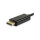 Equip Adapter USB-C -> DisplayPort 4K60Hz 1.80m sw Polybeutel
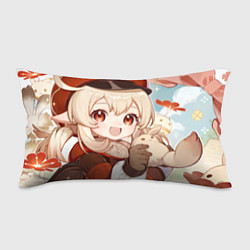 Подушка-антистресс Genshin Impact Кли cute Dodoko, цвет: 3D-принт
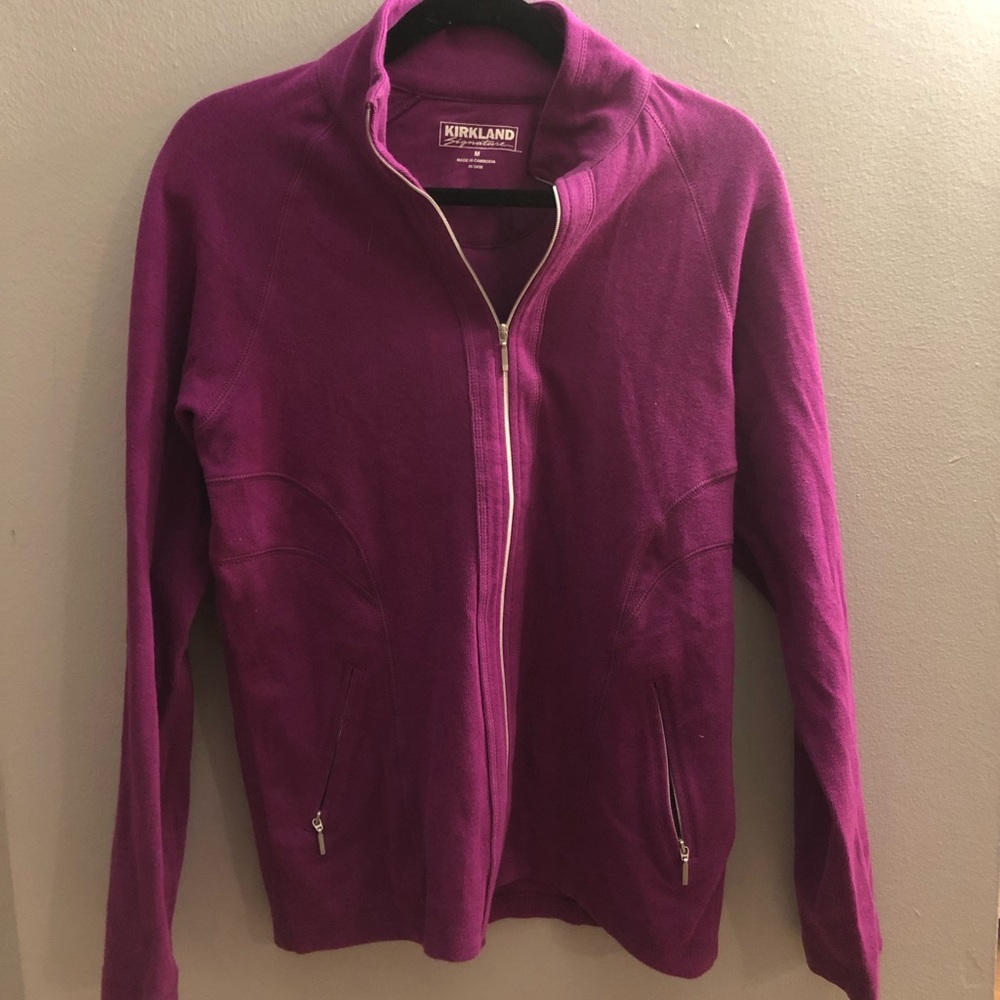 Zip up sweater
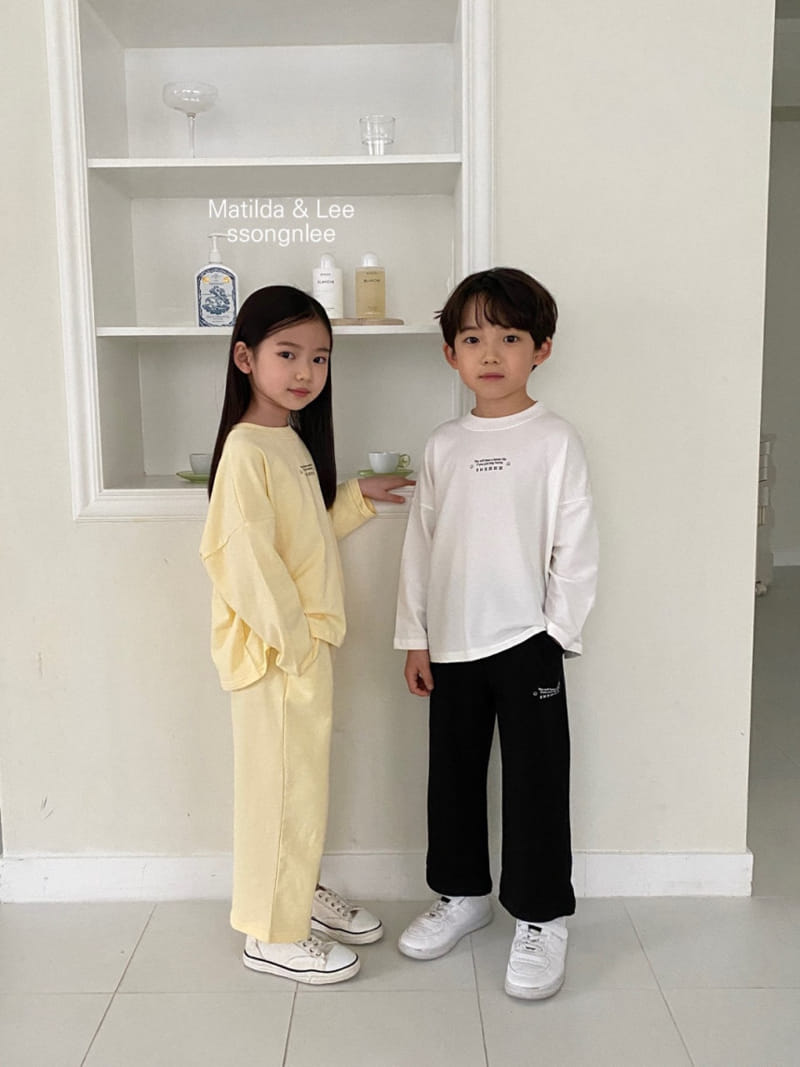 Matilda & Lee - Korean Children Fashion - #designkidswear - Daily Spring Set - 11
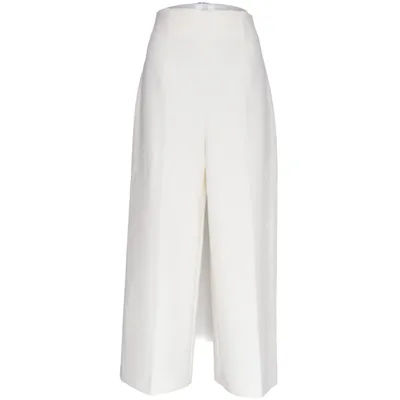 Palazzobyxor (Beige) från Zara Elastan, Polyester, Viskos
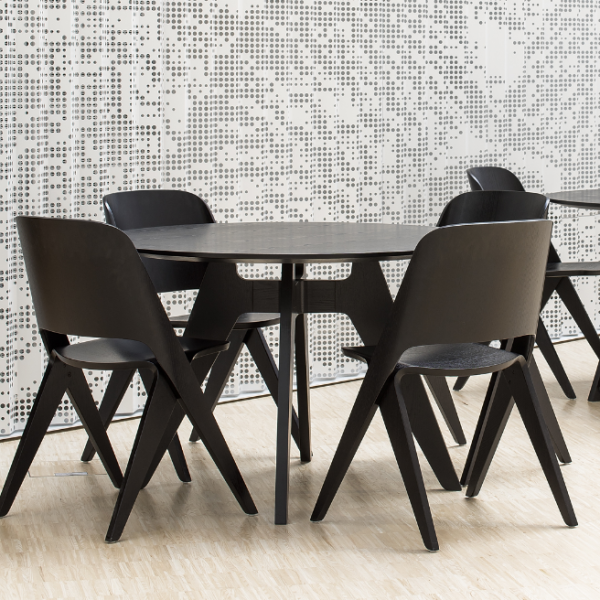 Lavitta 4-Legged Round Table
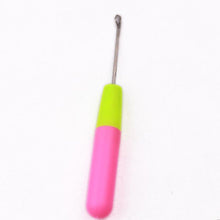 Load image into Gallery viewer, Metal Latch Crochet Needle Hook - Dreadlock Craft DIY Lock Hair Tool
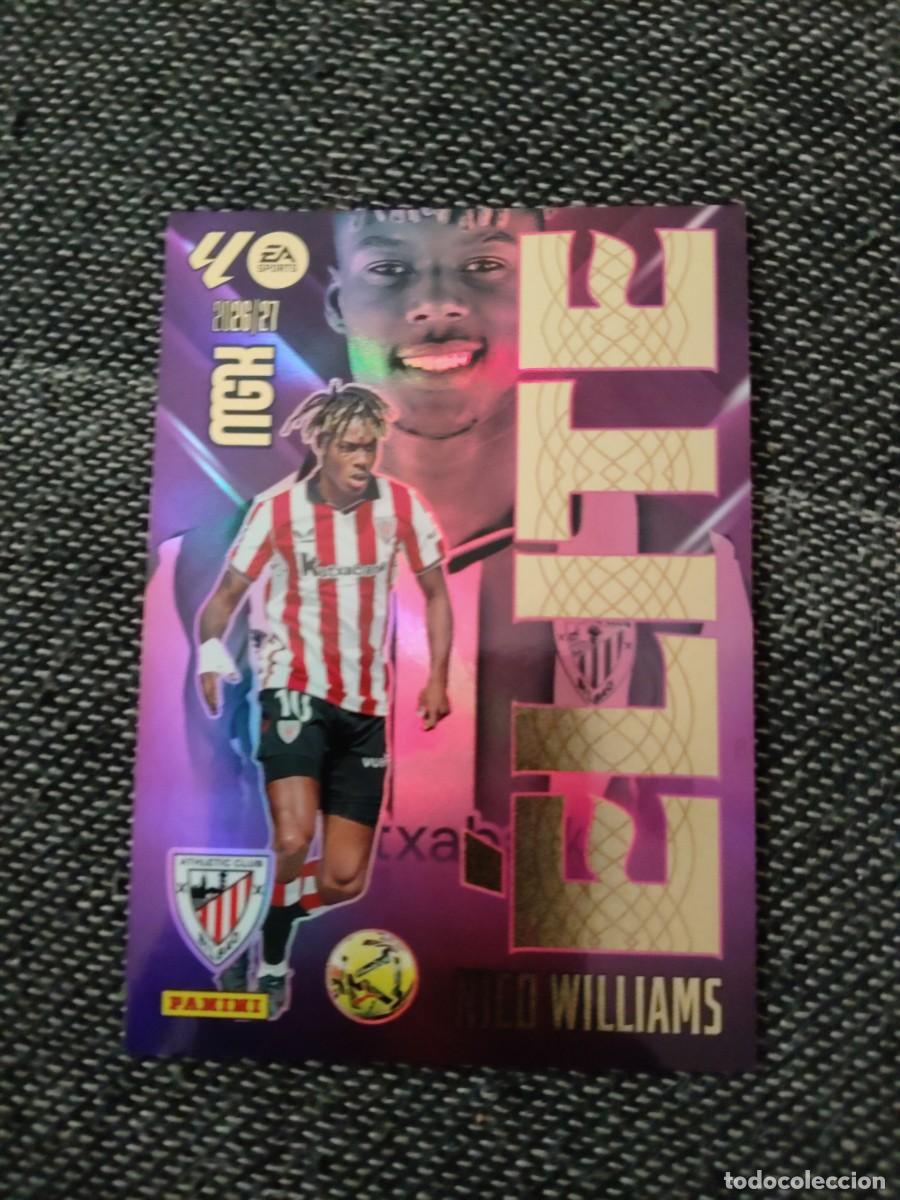 Cromos de f&uacute;tbol: 12 Nico Williams Athletic club elite megacracks 2026-27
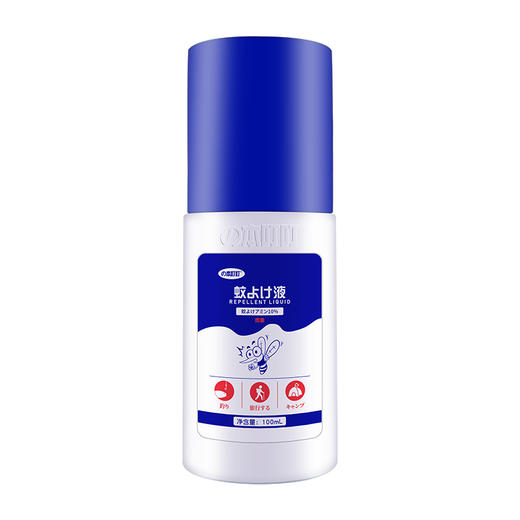 【特卖捡漏】の本叮叮驱蚊液100ml-25年8月 商品图0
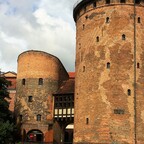 Gdańsk - Gotischer Wehrturm aus dem 14. Jahrhundert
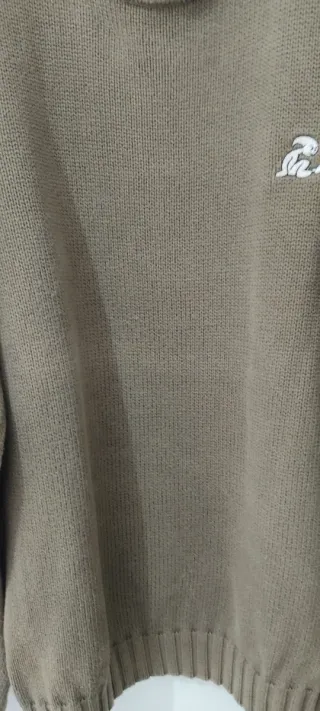 Jersey El Niño Vintage Marrón XXL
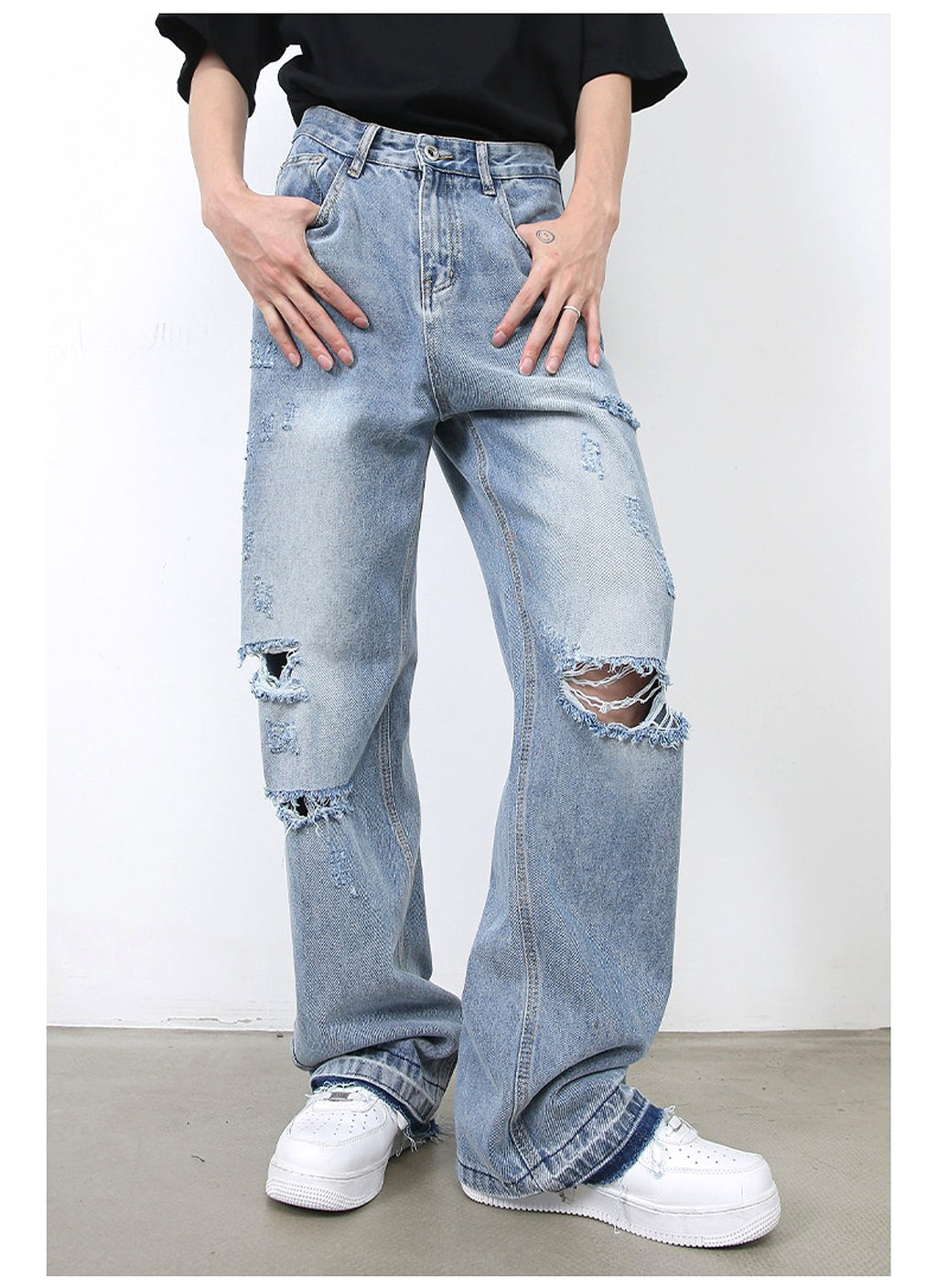 American Street – Men’s Ripped Jeans | Retro 25 Edition - enhanced image 14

# # # #

[EXERCISE GOAL]: Could you repeat exactly the lines from the first one of the records above through the line containing "Gdańsk - Gotischer", leaving out any pictures?

[ANSWER TO THE PROBLEM]:
 Equip Adapter USB-C -> DisplayPort 4K60Hz 1.80m sw Polybeutel
 Подушка-антистресс Genshin Impact Кли cute Dodoko, цвет: 3D-принт
 Zip up sweater
 Matilda & Lee - Korean Children Fashion - #designkidswear - Daily Spring Set - 11
 Palazzobyxor (Beige) från Zara Elastan, Polyester, Viskos
 Lavitta 4-Legged Round Table
 Load image into Gallery viewer, Metal Latch Crochet Needle Hook - Dreadlock Craft DIY Lock Hair Tool
 Cromos de f&uacute;tbol: 12 Nico Williams Athletic club elite megacracks 2026-27
 【特卖捡漏】の本叮叮驱蚊液100ml-25年8月 商品图0
 Gdańsk - Gotischer Wehrturm aus dem 14. Jahrhundert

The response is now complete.